My kids get older and have different needs, the dog wants a walk in the morning instead of the afternoon, the house might be noisier than normal so my desk in the loft isn’t ideal and I have to find a quiet spot away from it all. Or a loved one is sick and I need to be with them. 

What I’ve learned so far is that if I want to keep writing books, I don’t try to create a perfect schedule. When things are unpredictable, I write wherever I am and whenever I can and I’m just so grateful that I get to create stories every day.

SunLit: The setting and weather play a large role in this book. Can you describe how you wrote about the snowstorm in this novel?

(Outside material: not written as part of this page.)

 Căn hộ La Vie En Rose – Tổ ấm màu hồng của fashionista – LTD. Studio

Payne: I have lived through a similar snowstorm myself as have many of my fellow Coloradoans. The storm of 2003 dumped seven feet of snow and trapped us in our house for a week without heat or electricity until we were able to snowshoe down the driver of a front-end loader and hire him to come and dig us out. 

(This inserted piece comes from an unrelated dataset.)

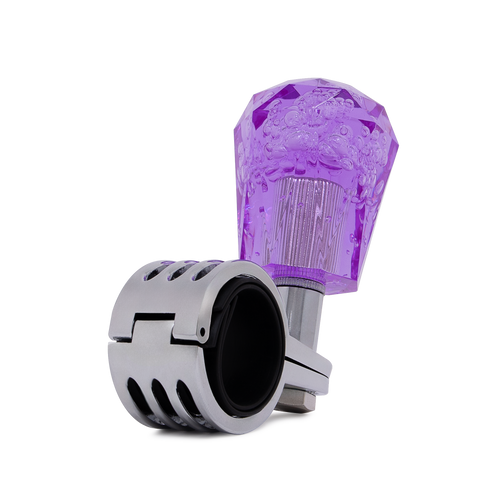 Heavy Duty Steering Wheel Spinner Purple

Much like Marlene, years later I’m still telling stories about that storm. So, I had my own memories of the cold and dark to work from when developing the storm in “The Night of Many Endings” and it was fun to make it come alive on the page. And perhaps a little more tolerable to experience it in writing instead of in real-life. 

SunLit: Tell us about your next project.

Payne: I’m excited to announce that my next book, “A Light in the Forest,” comes out December 13. It brings back a touch of the magical realism that so many readers loved in my first book, “The Secrets of Lost Stones,” along with a host of lively characters and a couple of escaped pigs.  

Vega Jones escapes an abusive relationship with nothing but her two-month-old baby and the van she grew up in. Her destination is a small Ohio town her late vagabond mother left years ago. It’s one full of nobodies, her mother warned. That makes it the ideal refuge for Vega to lie low, feel safe, and maybe learn more about a past her mother never spoke of.

Vega warms to the town and to new acquaintances like Heff, the young deputy and artist who prefers his yard art to actual policing, and empathetic Eve, a local farmer whose near-death experience gave her more than just her life back. But even in this welcoming community, there’s an undercurrent of something unsettled, talk of a tragedy that unfolded in the woods years ago, and a mystery connected to Vega in ways she couldn’t have anticipated.

As a mother on the run and following a path of mounting risks and illuminating secrets, Vega discovers that even during the darkest of times, there’s light in unexpected places.